PhD Project On Turbine Secondary Flows

Secondary flows in turbines are a major source of aerodynamic loss and performance degradation and have therefore been studied extensively over many decades. Much of this work has focused on idealised configurations, such as cascade environments with colinear inlet boundary layers and well-defined incidence conditions, which have led to a strong foundational understanding of secondary-flow mechanisms.

In real engines, however, the situation is considerably more complex. The presence of purge flows and tip leakage leads to inlet conditions at the endwalls that differ fundamentally from those typically assumed in classical studies. These effects include the introduction of streamwise vorticity at inlet, large spatial variations in incidence near the endwalls, and substantially thickened and skewed inlet boundary layers. Together, these features can significantly alter the formation, strength, and development of secondary flows.

This PhD project focuses on understanding turbine secondary flows under realistic engine-relevant conditions, with particular emphasis on the role of purge flows. Using CFD, the research will investigate how purge flow modifies secondary-flow behaviour and contributes to loss generation, and how these effects differ from those observed in idealised configurations.
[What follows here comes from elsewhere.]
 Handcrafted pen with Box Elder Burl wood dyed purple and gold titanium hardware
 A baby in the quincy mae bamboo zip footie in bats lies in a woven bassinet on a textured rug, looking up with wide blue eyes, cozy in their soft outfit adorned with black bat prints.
The project is supported by Rolls-Royce and combines fundamental flow-physics understanding with a clear design motivation, while remaining suitable for a student developing their research skills from a strong Master's-level background.

Expected outcomes:

• Improved understanding of turbine secondary-flow behaviour in the presence of purge flow and tip leakage
• CFD-based assessment of how inlet flow distortion, incidence variation, and boundary-layer modification influence secondary-flow development
• Identification of key physical mechanisms responsible for increased loss under realistic inlet conditions
• Exploration of design strategies to mitigate secondary-flow losses in practical turbine environments

This project is aimed at highly motivated candidates with a strong academic background who are looking to transition from advanced taught study into doctoral research. The ideal candidate will have:

• A strong academic background in aerodynamics, fluid mechanics, or turbomachinery (typically a first-class undergraduate degree or equivalent, and/or a strong Master's degree)
• Experience with CFD, for example through coursework, projects, or a Master's thesis
• An interest in turbine aerodynamics, secondary flows, and real-engine flow physics
• Programming and data-analysis skills (Python preferred)
• Curiosity and motivation to work on complex, industrially relevant aerodynamic problems

Why this PhD?

• Work on an industrially relevant research problem supported by Rolls-Royce
• Develop strong CFD, analysis, and aerodynamic reasoning skills
• Gain experience addressing the gap between idealised academic studies and real engine flows
• Build expertise directly applicable to careers in aerospace, energy, and related engineering sectors

Applicants should have (or expect to obtain by the start date) at least a good 2.1 degree in an Engineering or related subject.

This 3.5 year studentship includes a stipend at the UKRI minimum rate, and will cover fees for a home or international student.

Applications should be submitted via the University of Cambridge Applicant Portal, with Dr Chris Clark identified as the potential supervisor. Applications may close early if the position is filled before the advertised date. Please note there is a £20 application fee attached to using the Cambridge Applicant Portal.

The University actively supports equality, diversity and inclusion and encourages applications from all sections of society.